To answer your specific questions:
1. changing the reference level should not change the overall model fit
itself, but it will change the magnitude and direction of the coefficient
estimates (because when you change the reference level the new coefficients
will represent different comparisons).
2. you should always code factor variables in a way that makes sense given
the scientific question you are trying to answer. A very good discussion
of factor coding is here: http://talklab.psy.gla.ac.uk/tvw/catpred/
General comments: Coding the ordinal variables (like age cohort) in their
proper order does not in fact capture their ordered-ness: the model will
not necessarily enforce the assumption that the change from middle-aged to
old should be the same magnitude and direction as the change from young to
middle-aged. In all of the examples you've given, what you will get is the
first level of the factor treated as baseline, and the coefficient
estimates for other levels as differences between them and the baseline.
For example, a coefficient "residence:migrant" will tell you how much more
(or less) likely migrants are to use the "CA" form than the "MA" form, when
compared to villagers (the baseline level).
-- dan
Daniel McCloy
http://dan.mccloy.info/
Postdoctoral Research Associate
Institute for Learning and Brain Sciences
University of Washington
On Wed, Apr 6, 2016 at 6:22 AM, Saudi Sadiq <ss1272 at york.ac.uk> wrote:
Hi all,
I am analysing a dataset 'qaaf' (attached) using logistic regression.
The dataset includes:
1. speaker: participants in my study
2. item: words as used by my participants
3. gender: independent variable (2 levels: 'female' and 'male')
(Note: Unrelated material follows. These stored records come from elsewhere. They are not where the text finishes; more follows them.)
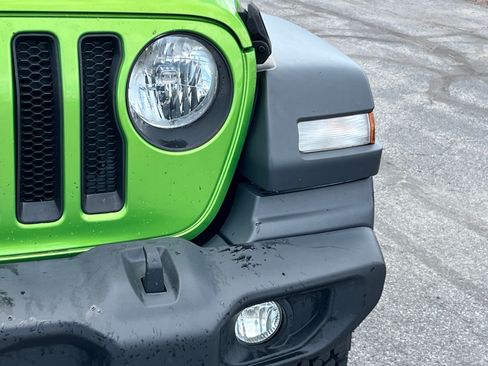 Used 2018 Jeep Wrangler Unlimited Sport S AWD/4WD image 11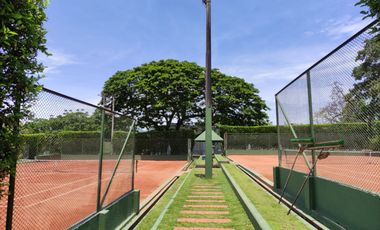 Vendo lote  en condominio exclusivo de Girardot.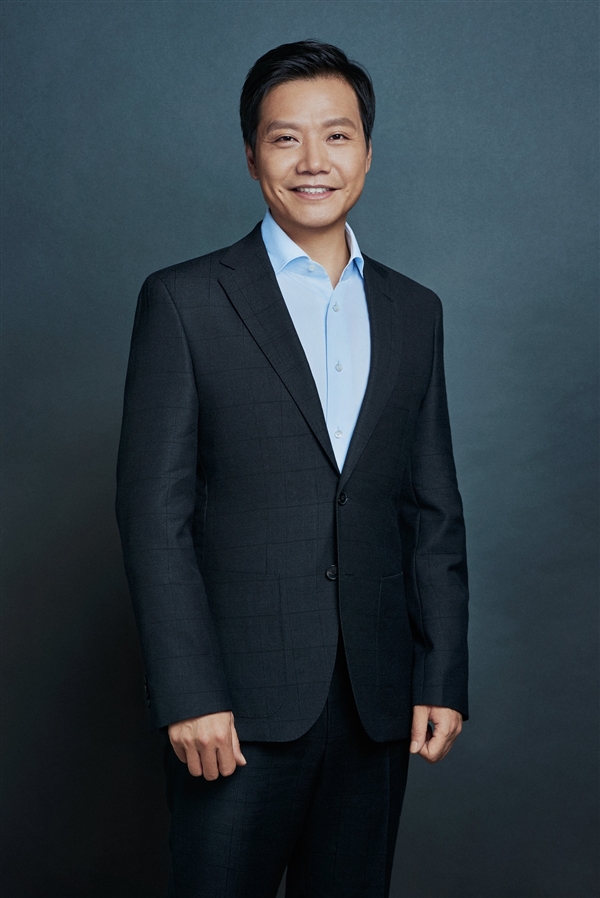 揭秘小米SU7热销背后的秘密，供不应求引发抢购狂潮，雷军面临新挑战！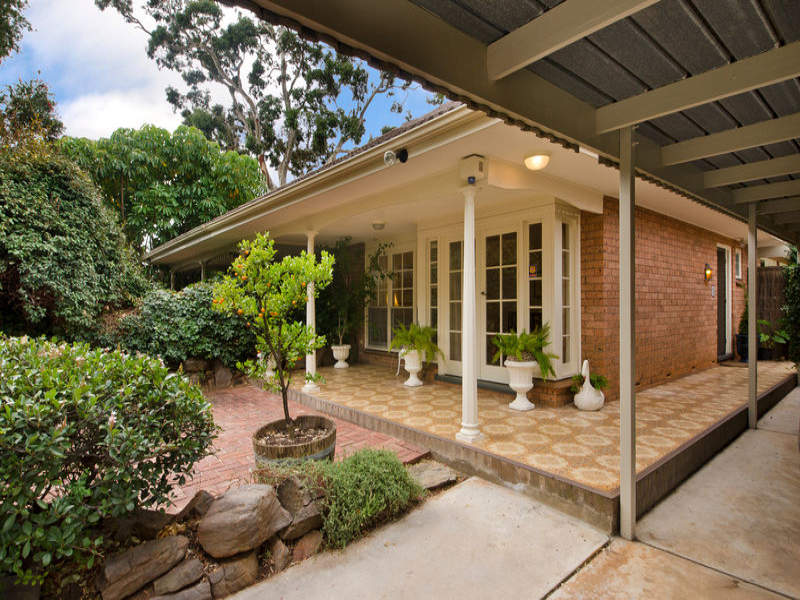 18 Brook Avenue, Glen Osmond, SA 5064
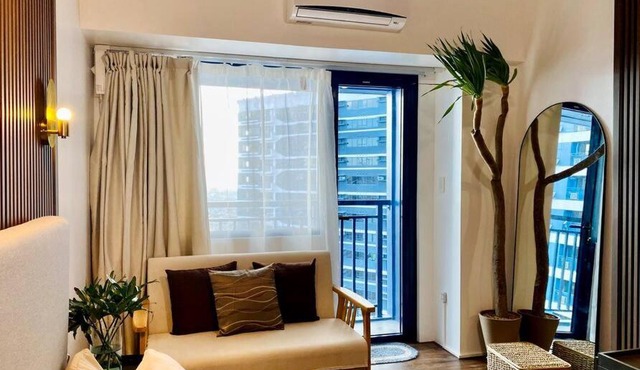 Muji-Inspired hōme-tél in the heart of Makati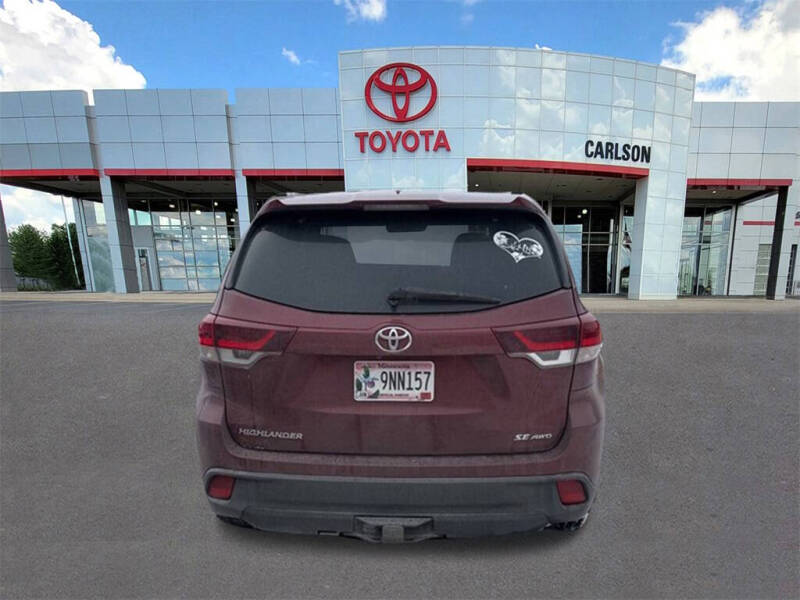 2019 Toyota Highlander SE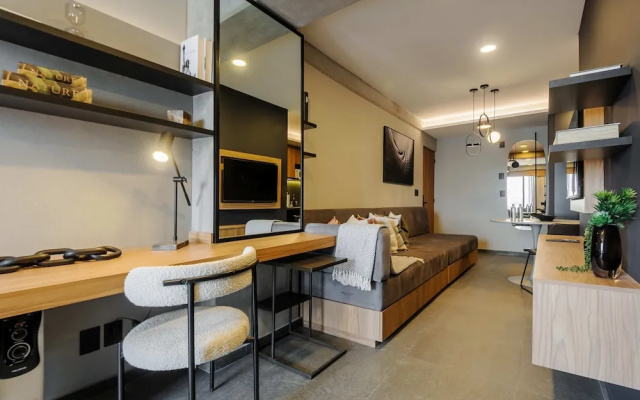 w Lovely 1BR w Private Balcony in Tabacalera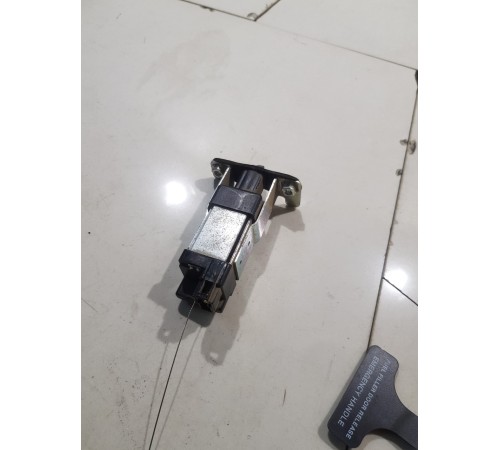 Активатор замка крышки бензобака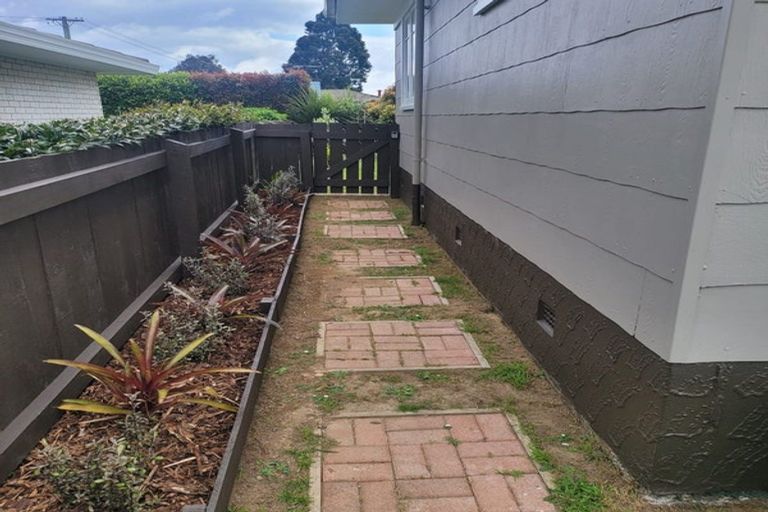 Photo of property in 1/47 Clevedon Road, Papakura, 2110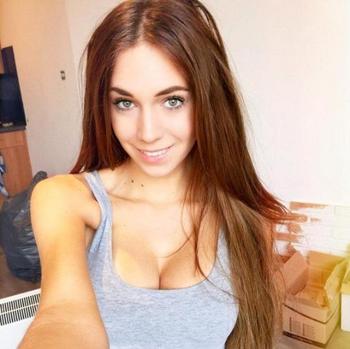 Alexis, 24  female escort, Detroit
4. age.group: independent variable (3 levels: 'middle-aged', 'old' and
'young')
5. education: independent variable (3 levels: 'postgraduate', 'secondary
or below' and 'university')
6. residence: independent variable (3 levels: 'migrant', 'urbanite' and
'villager')
7. convergence: the dependent variable (whether a speaker uses a CA or MA
form). Here, I am testing whether my participants use the CA form or not.
This is the form of the prestigious dialect in Egypt. If they use MA, this
means that they use their traditional dialect. I am trying to find out
which factor (independent variable) is responsible or more responsible for
using the CA form.
As the target is CA and this (alphabetically) takes the 0 value,
I re-levelled the dependent variable (convergence) to change the value of
CA from 0 to 1, as follows:
(a) attach(qaaf)
(b) qaaf$convergence= factor(convergence, levels=c(MA', 'CA'))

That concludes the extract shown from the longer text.